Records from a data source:
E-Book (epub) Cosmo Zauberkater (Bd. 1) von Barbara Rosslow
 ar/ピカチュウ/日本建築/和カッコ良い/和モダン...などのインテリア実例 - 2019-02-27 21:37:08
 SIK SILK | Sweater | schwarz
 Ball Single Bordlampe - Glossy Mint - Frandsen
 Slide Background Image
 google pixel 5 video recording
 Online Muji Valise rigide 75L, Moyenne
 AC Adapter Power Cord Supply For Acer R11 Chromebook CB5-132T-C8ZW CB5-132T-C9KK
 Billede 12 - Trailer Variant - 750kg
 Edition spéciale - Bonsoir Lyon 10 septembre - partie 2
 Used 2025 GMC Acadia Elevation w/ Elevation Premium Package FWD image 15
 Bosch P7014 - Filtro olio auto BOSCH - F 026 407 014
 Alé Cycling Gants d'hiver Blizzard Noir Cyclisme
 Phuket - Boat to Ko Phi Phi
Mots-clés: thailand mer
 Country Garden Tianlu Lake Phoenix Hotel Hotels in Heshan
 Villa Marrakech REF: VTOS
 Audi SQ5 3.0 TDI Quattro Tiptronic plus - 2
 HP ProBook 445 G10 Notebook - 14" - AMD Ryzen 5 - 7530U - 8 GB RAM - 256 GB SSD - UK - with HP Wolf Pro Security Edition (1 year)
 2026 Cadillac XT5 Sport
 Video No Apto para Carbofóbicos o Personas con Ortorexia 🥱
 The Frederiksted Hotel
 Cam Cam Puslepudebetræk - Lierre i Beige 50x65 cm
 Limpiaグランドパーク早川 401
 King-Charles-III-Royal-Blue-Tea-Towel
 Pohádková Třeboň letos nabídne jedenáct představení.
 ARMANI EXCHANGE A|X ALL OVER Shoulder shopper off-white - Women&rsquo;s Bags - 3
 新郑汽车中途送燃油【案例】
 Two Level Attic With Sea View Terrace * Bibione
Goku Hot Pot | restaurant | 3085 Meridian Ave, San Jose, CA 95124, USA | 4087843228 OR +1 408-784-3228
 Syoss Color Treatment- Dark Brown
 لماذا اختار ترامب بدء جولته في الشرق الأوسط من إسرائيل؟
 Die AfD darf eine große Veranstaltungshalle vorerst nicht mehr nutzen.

▶ _EXERCISE INSTRUCTIONS_
Among the entries above, the lines between the ones containing "Billede 12 - Trailer Variant - 750kg" and "Audi SQ5 3.0 TDI Quattro Tiptronic plus - 2", inclusive, are to be transcribed exactly. No other line is to be given.

▶ _EXERCISE SOLUTION_
 Billede 12 - Trailer Variant - 750kg
 Edition spéciale - Bonsoir Lyon 10 septembre - partie 2
 Used 2025 GMC Acadia Elevation w/ Elevation Premium Package FWD image 15
 Bosch P7014 - Filtro olio auto BOSCH - F 026 407 014
 Alé Cycling Gants d'hiver Blizzard Noir Cyclisme
 Phuket - Boat to Ko Phi Phi
Mots-clés: thailand mer
 Country Garden Tianlu Lake Phoenix Hotel Hotels in Heshan
 Villa Marrakech REF: VTOS
 Audi SQ5 3.0 TDI Quattro Tiptronic plus - 2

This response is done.